1) Please tell me separately for 2022/23 and 2023/24 the number of deaths for which a case record review or investigation has been carried out leading to the conclusion that they were more likely than not to have been due to problems in the care provided to the patient.
2022/23 – <5
2023/24 - 13
2) Please provide me with a brief overview of the FIRST FIVE incidents (in 2023/24 preferably or from 2022/23 if the former is not yet available) identified in question 1 (i.e. cases of deaths that were more likely than not caused by problems in care), withholding any identifying information that would run into a Section 40 exemption.
Incident 1
Diagnosis issue
Incident 2
Communication failure affected care
Incident 3
Issue regarding discharge
Incident 4
Delayed medication
Incident 5
Unplanned return to theatre
3) Finally, can you please summarise what the Trust learnt and what actions have been taken as a result of these five cases highlighted in question 2?
Incident 1:
Action taken following investigation:
· Case shown at departmental meeting for shared learning.
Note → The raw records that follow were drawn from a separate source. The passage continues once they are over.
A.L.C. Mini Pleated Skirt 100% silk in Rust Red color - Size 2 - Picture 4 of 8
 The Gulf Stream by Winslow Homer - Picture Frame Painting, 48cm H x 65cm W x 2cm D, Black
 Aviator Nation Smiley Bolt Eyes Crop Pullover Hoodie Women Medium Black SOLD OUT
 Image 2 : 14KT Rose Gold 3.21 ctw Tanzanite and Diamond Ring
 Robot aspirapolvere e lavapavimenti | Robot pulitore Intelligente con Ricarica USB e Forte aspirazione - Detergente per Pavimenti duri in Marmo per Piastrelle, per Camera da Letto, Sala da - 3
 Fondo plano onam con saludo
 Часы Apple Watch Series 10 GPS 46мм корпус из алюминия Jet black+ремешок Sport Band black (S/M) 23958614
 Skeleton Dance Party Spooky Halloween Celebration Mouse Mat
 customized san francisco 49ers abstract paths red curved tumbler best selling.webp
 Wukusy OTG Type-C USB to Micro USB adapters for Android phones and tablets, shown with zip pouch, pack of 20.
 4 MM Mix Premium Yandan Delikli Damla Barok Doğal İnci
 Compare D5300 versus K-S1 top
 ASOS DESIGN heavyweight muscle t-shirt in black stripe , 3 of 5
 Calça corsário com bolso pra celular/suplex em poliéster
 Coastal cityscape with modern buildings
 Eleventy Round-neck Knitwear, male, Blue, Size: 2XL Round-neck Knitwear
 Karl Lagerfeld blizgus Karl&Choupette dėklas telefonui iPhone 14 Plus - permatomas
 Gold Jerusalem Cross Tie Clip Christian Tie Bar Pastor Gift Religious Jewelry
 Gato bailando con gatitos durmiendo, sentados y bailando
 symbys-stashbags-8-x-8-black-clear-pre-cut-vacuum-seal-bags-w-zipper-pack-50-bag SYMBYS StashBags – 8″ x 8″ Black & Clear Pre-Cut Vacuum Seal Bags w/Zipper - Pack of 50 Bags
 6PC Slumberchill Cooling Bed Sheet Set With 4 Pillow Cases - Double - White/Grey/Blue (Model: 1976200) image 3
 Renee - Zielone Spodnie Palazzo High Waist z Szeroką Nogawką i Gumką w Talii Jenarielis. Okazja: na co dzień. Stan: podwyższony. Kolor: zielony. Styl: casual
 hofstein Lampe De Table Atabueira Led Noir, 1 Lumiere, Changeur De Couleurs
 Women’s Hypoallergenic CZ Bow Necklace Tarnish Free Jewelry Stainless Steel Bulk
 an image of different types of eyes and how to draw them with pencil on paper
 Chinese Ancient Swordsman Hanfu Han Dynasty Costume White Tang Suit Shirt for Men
No specific actions required.
· No systemic or process issues identified requiring action.
Incident 2:
Actions taken following investigation:
· The Medicine and Emergency Care Division reviewed the Emergency Care Pathway, along with the associated systems, processes and guidelines in place for managing patients presenting with headaches to aid clinicians when determining if the headache is classified as primary or secondary, and whether onward referral to Neurosurgical Services is necessary.
· Radiology to seek clarification from referrer before rejecting requests.
Incident 3
Actions taken following investigation:
· The Medicine and Emergency Care Division to ensure compliance of completion of Silver Trauma and Primary Survey screening within the Emergency Department
· Review whether Cerner needs to have an alert included for completion of Silver Trauma / Primary Survey, to remind Emergency Department staff about the importance of documenting a discharge decision and undertake an audit to review compliance with discharge documentation standards.
Incident 4
Action taken following investigation:
· The Anticoagulant service to ensure that the Peri-Procedural Management of Patients on Oral Anticoagulants, Antiplatelets and Low Molecular Weight Heparin, Version 2 is accessible to all staff across the Trust.
· The Endoscopy department and the Anticoagulant service to review the Trust wide policies to ensure they are relevant for endoscopy procedures and can be used in conjunction with the British Society of Gastroenterology guidelines to provide a standardised approach for the management of patients on anticoagulants who require invasive procedures in endoscopy.
· The Endoscopy service to ensure that patients who are identified as being on an Anticoagulant medicine are referred to the Anticoagulant team when they are booked for a procedure. Monitoring should be put in place to ensure that the process is being followed.
· The Endoscopy service to consider the development of a patient information leaflet for patients who take Anticoagulant medication and undergoing elective procedures to provide advice on when medication should be stopped and restarted and who to contact for advice.
· The Endoscopy service to review the organisation of procedure lists to take account of the number and complexity of patients on the list.
· The Endoscopy service to implement a standardised process for the clinician review of lists to minimise where possible the impact to patient care due to the complexity and timing of procedures.
Incident 5
Actions taken following investigation:
· Additional staff training regarding inputting fluid balance charts and assessing fluid input / output. The Trust has also organised a series of 1:1 eCoaching sessions for any clinical staff to book on who require further support.
· A tablet or computer on wheels to be used at patients’ bedsides when undertaking patient examinations and / or reviewing notes to ensure staff see patient observations in real time, identify trends within patient care and notice patient deterioration.
· The Trust has adopted the national ‘Martha's Rule’ (called ‘Call for Concern’). The initiative was implemented on 26 March 2024 and gives patients, families, carers and colleagues round-the-clock access to an urgent review from an independent team if they are worried a patient’s condition has deteriorated.